[Problem description]
Using the entries that follow, transcribe only the lines from the line with "奥迪A3 2018款 30周年年型 Sportback 35 TFSI 时尚型" to the line with "Кожух грм верхний Audi 100 C3 1988г 2.0 RT", both included, exactly as they stand and without pictures.

[Study material]
*-*-*

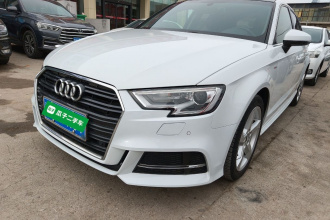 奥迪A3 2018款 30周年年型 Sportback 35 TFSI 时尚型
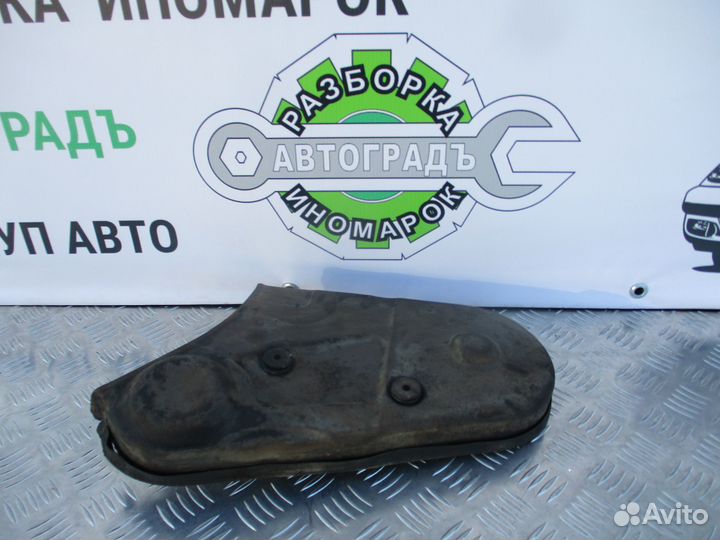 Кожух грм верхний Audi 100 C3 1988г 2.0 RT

*-*-*

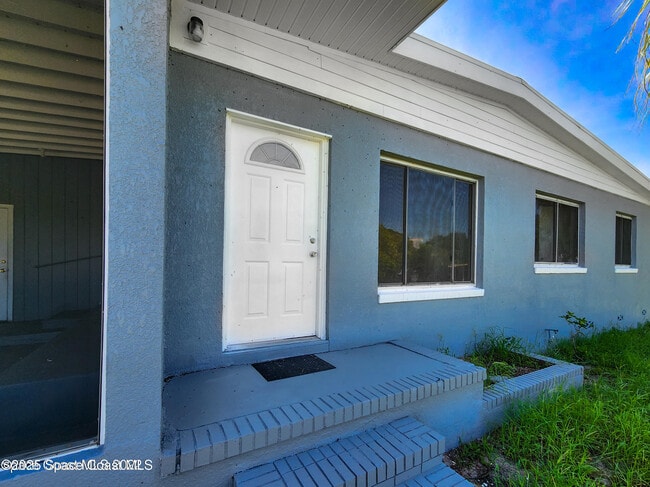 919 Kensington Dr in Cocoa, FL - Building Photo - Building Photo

*-*-*

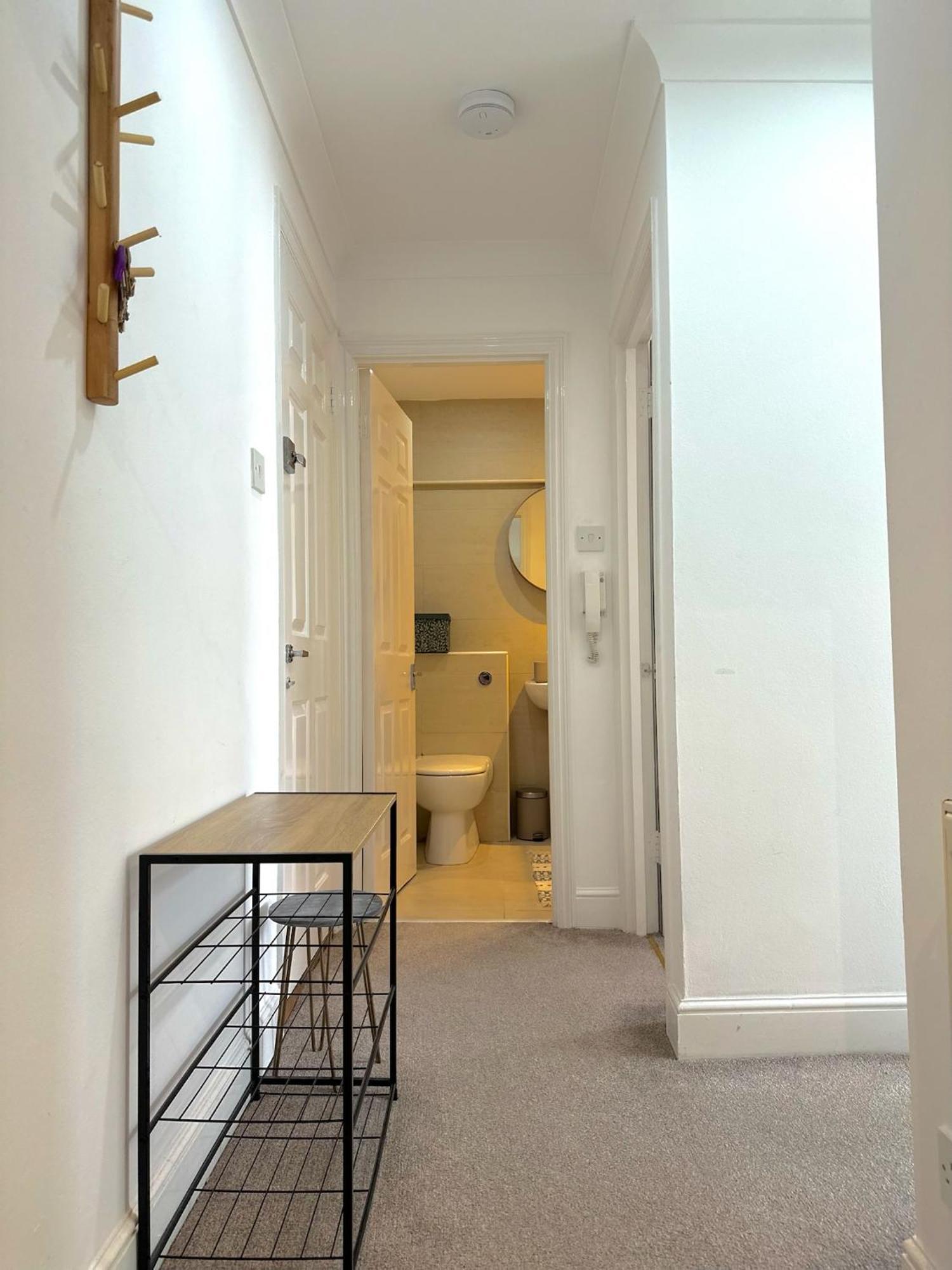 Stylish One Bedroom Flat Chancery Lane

*-*-*

[Your solution]
 奥迪A3 2018款 30周年年型 Sportback 35 TFSI 时尚型
 Кожух грм верхний Audi 100 C3 1988г 2.0 RT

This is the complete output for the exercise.